Looking back at the first half of 2015, we find few surprises in how the market performed. This month, we will compare actual year-to-date market performance with our 2015 predictions and look ahead to what we can expect in the second half of the year. But first, a quick review of the June market data.
The volume of real estate sold across all Front Range markets in June increased 10.4% compared to June of last year and was up 13.6% over May.
The supply of inventory remained tight at 1.6 months, indicating a market that continues to favor sellers.
#1. Sellers’ Market Rolls On
“Inventory levels will remain well below the six-month benchmark that divides a sellers’ market from a buyers’ market.”
Looking ahead, inventory shortages may ease a bit in the second half of the year, moving into the 3 – 4 months of supply range. According to Fannie Mae’s June 2015 Housing Survey, the share of homeowners who believe now is a good time to sell has reached a new high. This sentiment should translate into more inventory, but there does not appear to be anything on the horizon that will significantly alter the imbalance between supply and demand, particularly at the lower price points.
#2. More Buyers Drive Up Demand
“Job growth and low interest rates will give consumers, especially first-time homebuyers, the confidence to enter the market. However, those buyers will have to compete for a limited supply of inventory, thwarting many from actually completing a purchase.
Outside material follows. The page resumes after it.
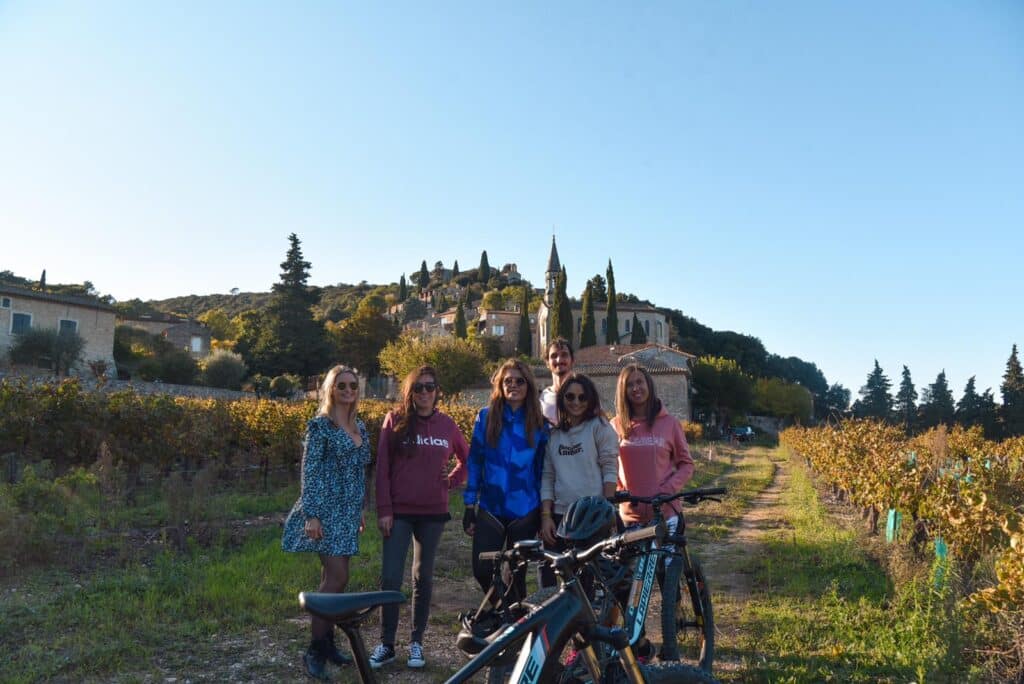 Séjour sportif en Provence Occitane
The end result will be modest increases, in the 0% to 5% range, in the volume of real estate sold in 2015 compared to 2014.”
Despite the inventory shortages, determined buyers are persevering, often making offers on two or three properties until they finally win. Undeterred by student loan debt, the millennials, America’s largest generation, are flooding into the housing market in a wave of first-time home buying bolstered by employment confidence, low interest rates, the comparative high cost of renting, and concerns that if you don’t get into the market now, you may be shut out for years.
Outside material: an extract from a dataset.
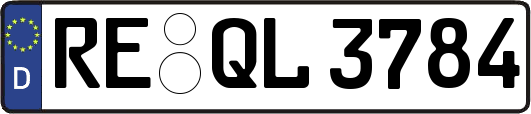 RE-QL3784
In the second half of 2015, we expect monthly volume increases of 10% or higher to continue. The slight easing in our inventory shortage referenced above will “unstick” the market a bit and accelerate the pace of properties changing hands for a strong finish to the year.
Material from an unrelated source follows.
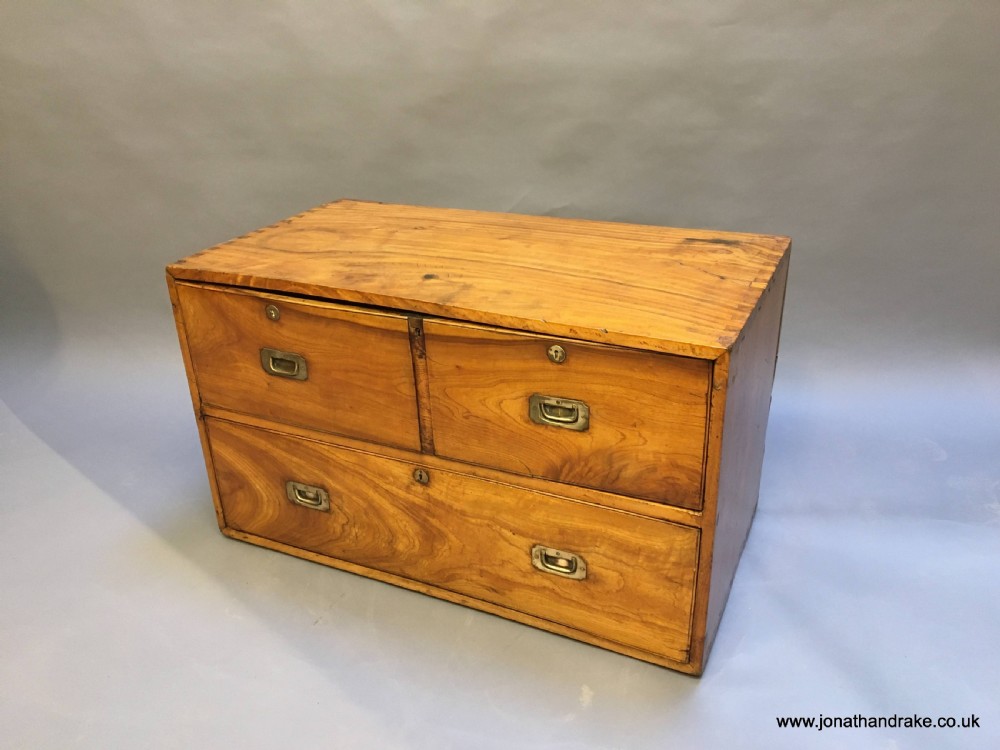 Camphor campaign chest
#3. Home Values Up 6% to 8%
“We expect to see appreciation rates hover in the 6% to 8% range in 2015, with the distinct possibility that annual appreciation will approach 10% this spring before settling back down by year’s end.”
As originally predicted, we still expect to see home price gains moderate a bit in the second half, settling back down to a 6% to 10% range, similar to the pattern we saw in 2014. That said, we could easily be underestimating the strength of this market, and finishing the year with appreciation of 10% to 15% would not be a huge surprise.